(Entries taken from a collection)
········
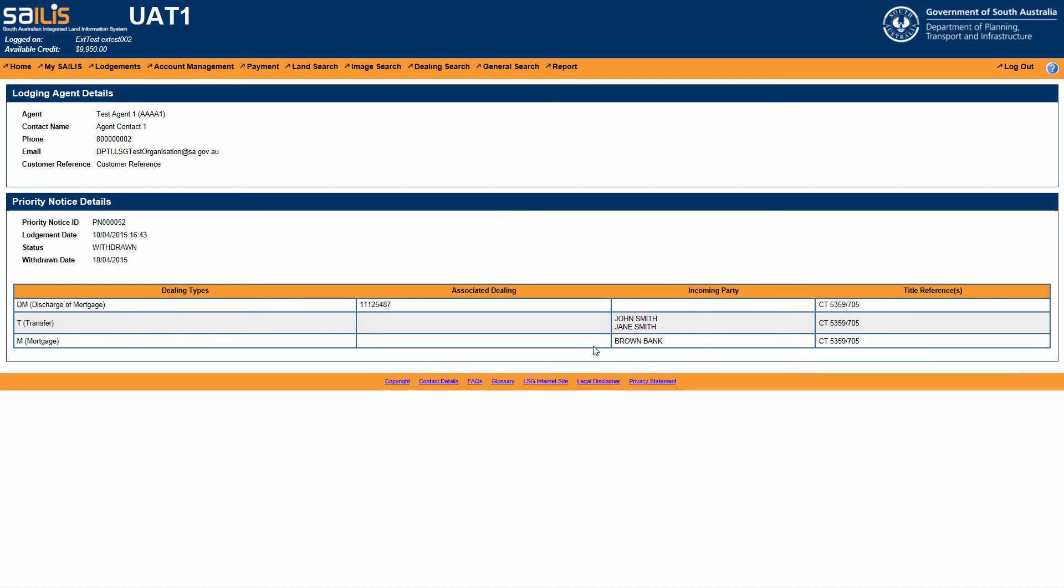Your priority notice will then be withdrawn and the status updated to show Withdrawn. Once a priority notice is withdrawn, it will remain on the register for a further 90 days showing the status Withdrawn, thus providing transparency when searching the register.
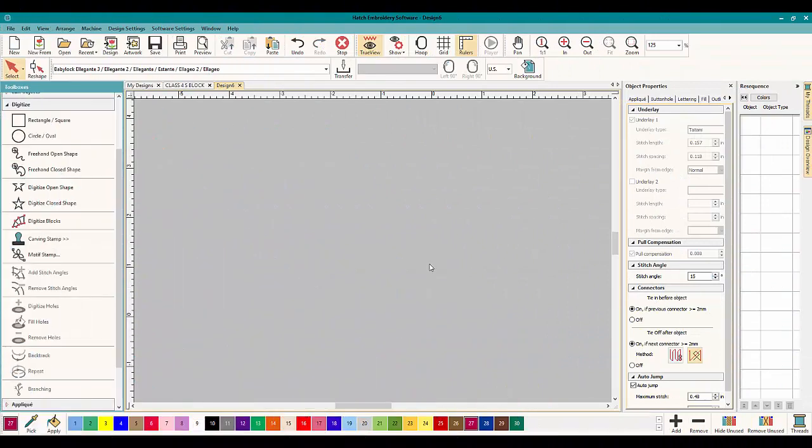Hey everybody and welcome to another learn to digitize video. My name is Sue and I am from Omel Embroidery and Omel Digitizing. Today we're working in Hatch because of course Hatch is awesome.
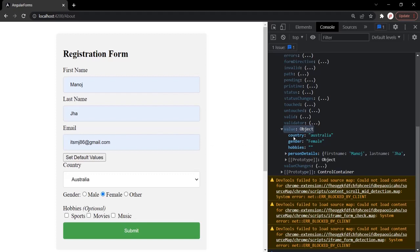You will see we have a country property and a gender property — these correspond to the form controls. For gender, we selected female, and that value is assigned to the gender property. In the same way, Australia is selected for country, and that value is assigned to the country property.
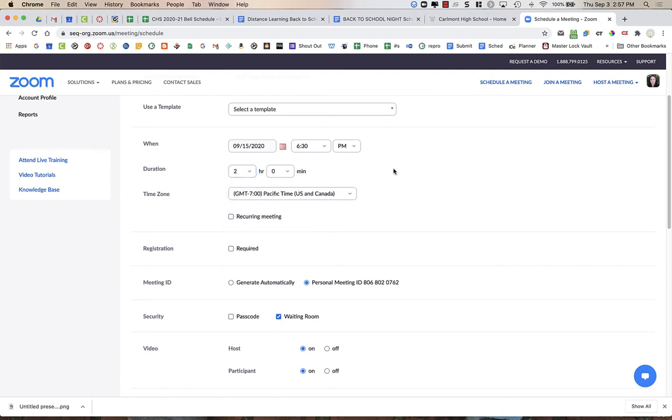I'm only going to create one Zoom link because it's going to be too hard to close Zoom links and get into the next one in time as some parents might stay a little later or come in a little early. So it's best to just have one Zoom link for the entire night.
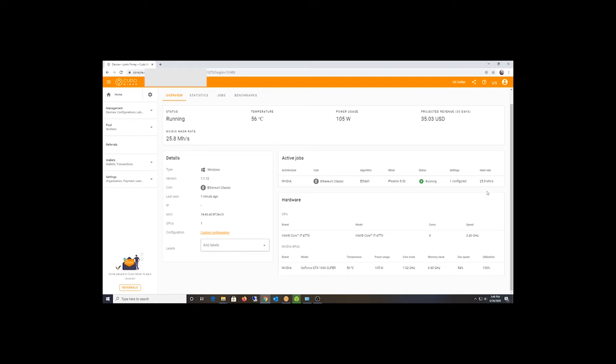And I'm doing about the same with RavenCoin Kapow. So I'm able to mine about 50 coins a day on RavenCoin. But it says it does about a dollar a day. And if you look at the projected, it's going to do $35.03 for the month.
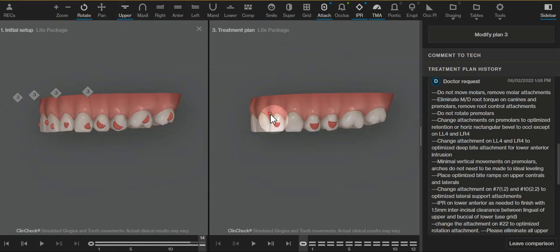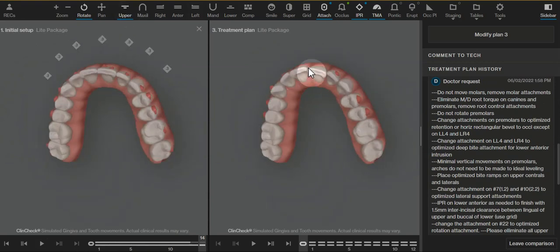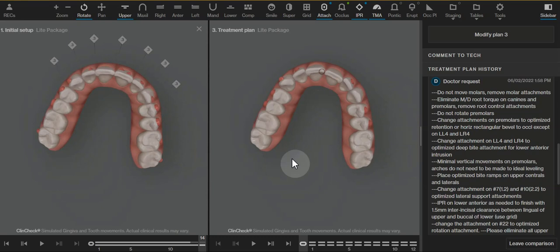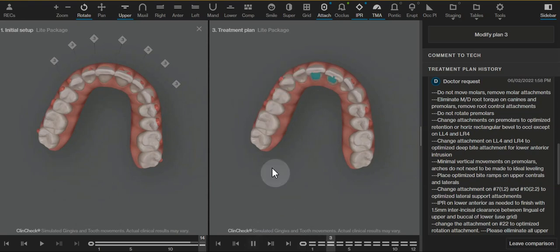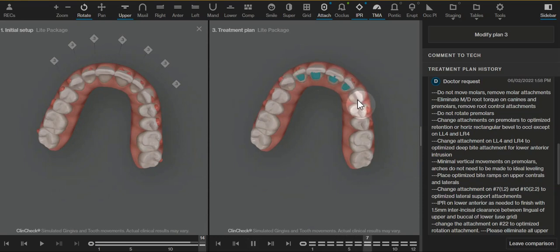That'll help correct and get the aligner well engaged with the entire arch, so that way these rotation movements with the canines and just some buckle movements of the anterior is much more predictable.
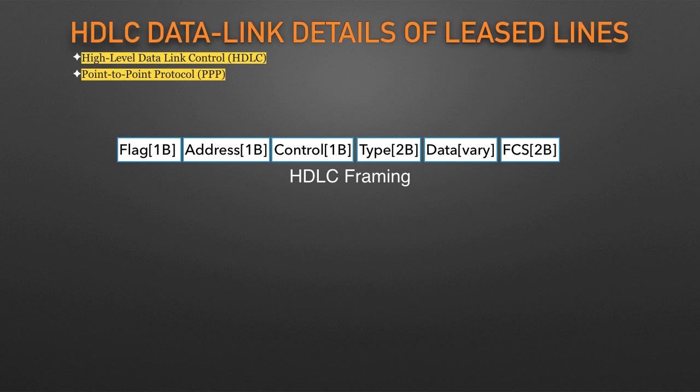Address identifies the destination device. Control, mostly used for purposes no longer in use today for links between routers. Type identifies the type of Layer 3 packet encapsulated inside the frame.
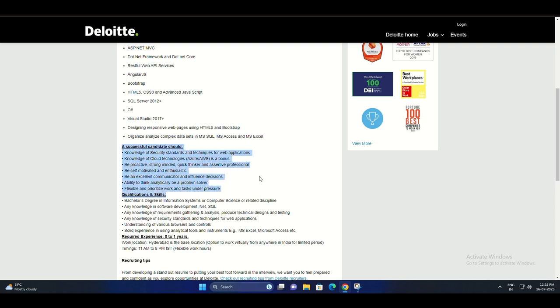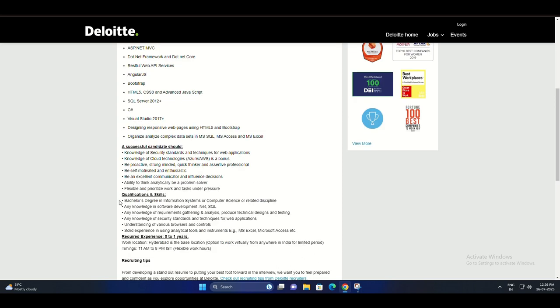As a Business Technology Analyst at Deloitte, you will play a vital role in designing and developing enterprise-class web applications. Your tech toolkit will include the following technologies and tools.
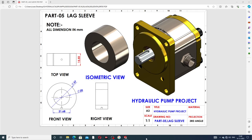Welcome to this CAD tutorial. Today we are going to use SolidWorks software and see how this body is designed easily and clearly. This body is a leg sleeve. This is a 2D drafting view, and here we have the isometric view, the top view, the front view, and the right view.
········
**WORK TO BE COMPLETED**
Set every record down verbatim. No pictures belong in the copy.

**REPLY TO THE TASK**
Your priority notice will then be withdrawn and the status updated to show Withdrawn. Once a priority notice is withdrawn, it will remain on the register for a further 90 days showing the status Withdrawn, thus providing transparency when searching the register.
Hey everybody and welcome to another learn to digitize video. My name is Sue and I am from Omel Embroidery and Omel Digitizing. Today we're working in Hatch because of course Hatch is awesome.
You will see we have a country property and a gender property — these correspond to the form controls. For gender, we selected female, and that value is assigned to the gender property. In the same way, Australia is selected for country, and that value is assigned to the country property.
I'm only going to create one Zoom link because it's going to be too hard to close Zoom links and get into the next one in time as some parents might stay a little later or come in a little early. So it's best to just have one Zoom link for the entire night.
And I'm doing about the same with RavenCoin Kapow. So I'm able to mine about 50 coins a day on RavenCoin. But it says it does about a dollar a day. And if you look at the projected, it's going to do $35.03 for the month.
That'll help correct and get the aligner well engaged with the entire arch, so that way these rotation movements with the canines and just some buckle movements of the anterior is much more predictable.
Address identifies the destination device. Control, mostly used for purposes no longer in use today for links between routers. Type identifies the type of Layer 3 packet encapsulated inside the frame.
As a Business Technology Analyst at Deloitte, you will play a vital role in designing and developing enterprise-class web applications. Your tech toolkit will include the following technologies and tools.
Welcome to this CAD tutorial. Today we are going to use SolidWorks software and see how this body is designed easily and clearly. This body is a leg sleeve. This is a 2D drafting view, and here we have the isometric view, the top view, the front view, and the right view.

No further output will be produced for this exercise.